In cricket, we usually come across terms that may not be understood right away. Most of a fan’s knowledge of the game comes with the inputs from the commentators as a match progresses. However, there are a few terms that are used rarely and hence, they are not known by all. In this article, we talk about the meaning of a Jaffa ball in cricket.
What is a Jaffa Ball in Cricket?
So, Jaffa means a delivery that is almost unplayable by a batsman. Eventually, the batsman either gets out or he is left amused at the brilliance of the ball. We have seen plenty of such ‘Jaffa’ deliveries in the history of the game.
Sometimes, a Jaffa ball is used by another name called ‘Corker’. Although there is no origin to the word Jaffa, there is a hint that it might have come into use when pundits used to compare an unplayable delivery to a Jaffa, a thick-skinned orange fruit grown in Israel.
Which bowlers are famous to deliver Jaffa balls?
Usually, it is when the ball does something extraordinary off the pitch or in the air when a Jaffa delivery comes to the occurrence. For instance, for a right-arm pacer, a ball heading towards the leg stump, if it swings and hits the off-stump after it pitches, you could call it a Jaffa. Similarly, for a leggie, if a ball lands on the leg-stump but ends up knocking off the off-stump, it would be an unplayable delivery.

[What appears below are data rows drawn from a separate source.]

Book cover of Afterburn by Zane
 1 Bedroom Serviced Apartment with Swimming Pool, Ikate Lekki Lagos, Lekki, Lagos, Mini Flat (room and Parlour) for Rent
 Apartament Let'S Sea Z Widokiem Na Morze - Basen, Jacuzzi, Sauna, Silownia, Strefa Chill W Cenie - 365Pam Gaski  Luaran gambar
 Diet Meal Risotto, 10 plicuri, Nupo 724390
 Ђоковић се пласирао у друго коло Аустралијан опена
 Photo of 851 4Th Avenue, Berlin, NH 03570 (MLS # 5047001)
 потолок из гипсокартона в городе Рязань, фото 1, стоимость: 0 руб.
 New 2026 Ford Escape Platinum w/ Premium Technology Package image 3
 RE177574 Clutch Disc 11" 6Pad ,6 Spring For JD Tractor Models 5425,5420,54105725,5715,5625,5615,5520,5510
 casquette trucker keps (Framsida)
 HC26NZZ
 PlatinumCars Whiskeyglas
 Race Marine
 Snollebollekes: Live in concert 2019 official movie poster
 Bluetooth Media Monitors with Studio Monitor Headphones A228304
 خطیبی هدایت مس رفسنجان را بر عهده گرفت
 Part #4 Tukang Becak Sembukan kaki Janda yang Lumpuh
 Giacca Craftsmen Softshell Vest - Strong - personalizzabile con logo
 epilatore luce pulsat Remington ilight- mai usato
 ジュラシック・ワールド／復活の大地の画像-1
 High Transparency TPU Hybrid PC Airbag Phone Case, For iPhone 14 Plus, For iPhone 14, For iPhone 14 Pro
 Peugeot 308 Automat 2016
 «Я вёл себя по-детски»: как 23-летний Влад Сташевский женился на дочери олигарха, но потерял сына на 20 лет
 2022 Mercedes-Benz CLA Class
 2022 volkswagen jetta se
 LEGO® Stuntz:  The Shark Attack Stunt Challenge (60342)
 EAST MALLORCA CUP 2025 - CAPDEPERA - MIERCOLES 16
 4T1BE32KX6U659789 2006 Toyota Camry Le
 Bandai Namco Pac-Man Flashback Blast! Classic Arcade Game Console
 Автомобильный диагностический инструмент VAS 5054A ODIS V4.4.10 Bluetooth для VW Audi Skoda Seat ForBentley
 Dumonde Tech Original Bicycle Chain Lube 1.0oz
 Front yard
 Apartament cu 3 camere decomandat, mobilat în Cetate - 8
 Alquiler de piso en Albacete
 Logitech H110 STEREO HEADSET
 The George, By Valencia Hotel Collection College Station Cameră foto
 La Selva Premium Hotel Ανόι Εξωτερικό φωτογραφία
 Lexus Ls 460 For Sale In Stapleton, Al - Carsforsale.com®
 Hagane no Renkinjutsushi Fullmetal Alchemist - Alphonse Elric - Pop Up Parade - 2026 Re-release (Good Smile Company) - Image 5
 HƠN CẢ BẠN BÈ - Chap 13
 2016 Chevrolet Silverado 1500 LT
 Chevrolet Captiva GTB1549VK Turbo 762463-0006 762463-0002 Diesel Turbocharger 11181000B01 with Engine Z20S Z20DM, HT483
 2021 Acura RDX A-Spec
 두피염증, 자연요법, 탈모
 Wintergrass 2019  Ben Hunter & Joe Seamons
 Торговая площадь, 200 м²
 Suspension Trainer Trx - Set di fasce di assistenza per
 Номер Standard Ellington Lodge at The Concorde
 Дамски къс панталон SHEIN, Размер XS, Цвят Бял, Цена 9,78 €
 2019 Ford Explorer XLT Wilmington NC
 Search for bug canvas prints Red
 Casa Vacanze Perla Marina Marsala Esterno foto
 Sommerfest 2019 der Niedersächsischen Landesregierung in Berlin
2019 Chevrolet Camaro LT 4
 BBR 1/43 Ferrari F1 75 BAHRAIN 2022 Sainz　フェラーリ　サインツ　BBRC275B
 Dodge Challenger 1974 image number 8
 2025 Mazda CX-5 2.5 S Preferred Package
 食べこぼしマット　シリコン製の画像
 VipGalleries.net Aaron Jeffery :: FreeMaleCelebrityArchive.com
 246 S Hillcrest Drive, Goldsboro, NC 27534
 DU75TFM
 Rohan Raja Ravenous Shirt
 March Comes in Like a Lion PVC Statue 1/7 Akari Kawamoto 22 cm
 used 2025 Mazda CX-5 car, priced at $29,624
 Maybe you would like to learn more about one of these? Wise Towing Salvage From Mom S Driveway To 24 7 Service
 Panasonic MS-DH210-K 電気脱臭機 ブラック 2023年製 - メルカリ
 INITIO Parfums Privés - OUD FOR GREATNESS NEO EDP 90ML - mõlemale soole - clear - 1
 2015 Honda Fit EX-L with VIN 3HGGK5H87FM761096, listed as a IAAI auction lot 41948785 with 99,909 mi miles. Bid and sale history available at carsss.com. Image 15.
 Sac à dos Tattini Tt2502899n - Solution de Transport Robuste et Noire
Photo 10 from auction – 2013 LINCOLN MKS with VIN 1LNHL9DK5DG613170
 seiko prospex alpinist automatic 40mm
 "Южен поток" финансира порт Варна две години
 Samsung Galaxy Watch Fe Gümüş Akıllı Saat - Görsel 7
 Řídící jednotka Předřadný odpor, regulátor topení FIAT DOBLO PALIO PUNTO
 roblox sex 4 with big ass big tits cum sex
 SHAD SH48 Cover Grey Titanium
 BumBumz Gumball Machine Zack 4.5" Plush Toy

Having delivered its 1993 Ashes, Shane Warne‘s Jaffa is also known as the ball of the century. This particular delivery pitched to the right of the leg-stump but eventually struck the off-stump. Several other spinners have also pulled off such trickery. In the pace department, we have the likes of James Anderson and Dale Steyn who have done things similar to a Jaffa ball.